For years, health researchers bemoaned what they saw as excessive medical care in the United States. Too many tests and treatments, they said, are unnecessary or even harmful, and add to the huge cost of health care in this country.
The coronavirus has given them an unique chance to find out if they were right.
“If we can separate signal from noise, maybe we can learn there are a lot of things we don’t need to do,” said Dr. Scott Ramsey, a co-director of the Hutchinson Institute for Cancer Outcomes Research in Seattle. “Maybe patients will do better.”

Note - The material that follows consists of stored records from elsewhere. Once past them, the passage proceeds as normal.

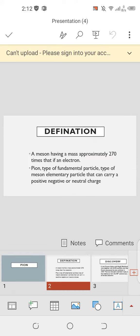A meson having a mass approximately 270 times that of an electron. Pion is a type of fundamental particle, a type of meson elementary particle that can carry a positive, negative, or neutral charge.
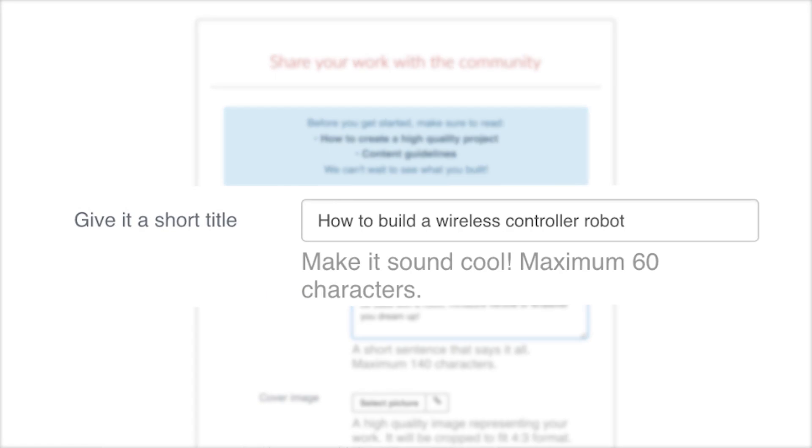Pro tip, write a catchy title. Think about what would interest you about your project and highlight that. It's better to focus on the end result rather than listing the technology in the title.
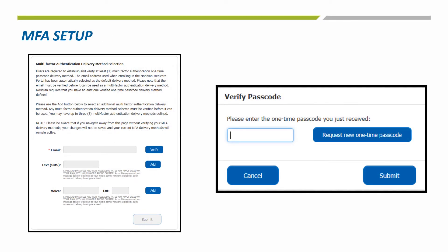To begin the MFA setup, the email address you entered in step 1 will be automatically selected as the default delivery method. Choose the verify button. An email is then sent to your email address with a passcode. Once you receive that email, enter the passcode in the verify passcode box and choose submit.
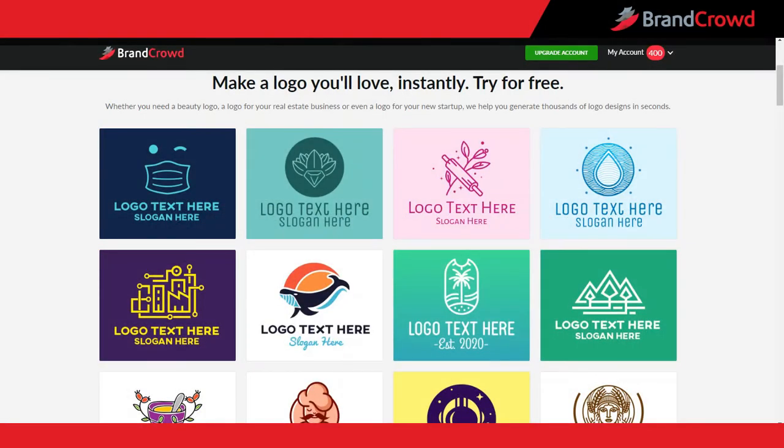Creating your logo is only the beginning of your journey. Lucky for you, BrandCrowd also makes it easy to create social media images — whether you want to create a Facebook cover photo, Instagram post, or YouTube channel art. BrandCrowd's social media maker gives you all the tools you need to design like a pro. In this video, I'm going to give you a quick tour of the social media maker tool by creating a basic Facebook cover.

The stakes are high, both for health and for the economy. Before the pandemic, an estimated 50 million American patients were subjected to one or more instances of health care overuse each year, at a cost of $106 billion, according to a recent analysis in the journal Health Affairs.
“We see a unique methodological opportunity to evaluate the harms of low-value care,” wrote Allison H. Oakes, a health services researcher at the University of Pennsylvania, and Dr. Jodi B. Segal, a professor of medicine at Johns Hopkins.
As the pandemic took hold, elective surgeries were canceled and radiology equipment stood abandoned as patients and doctors avoided CT scans, M.R.I.s, mammograms and colonoscopies. Even prescriptions for antibiotics plummeted.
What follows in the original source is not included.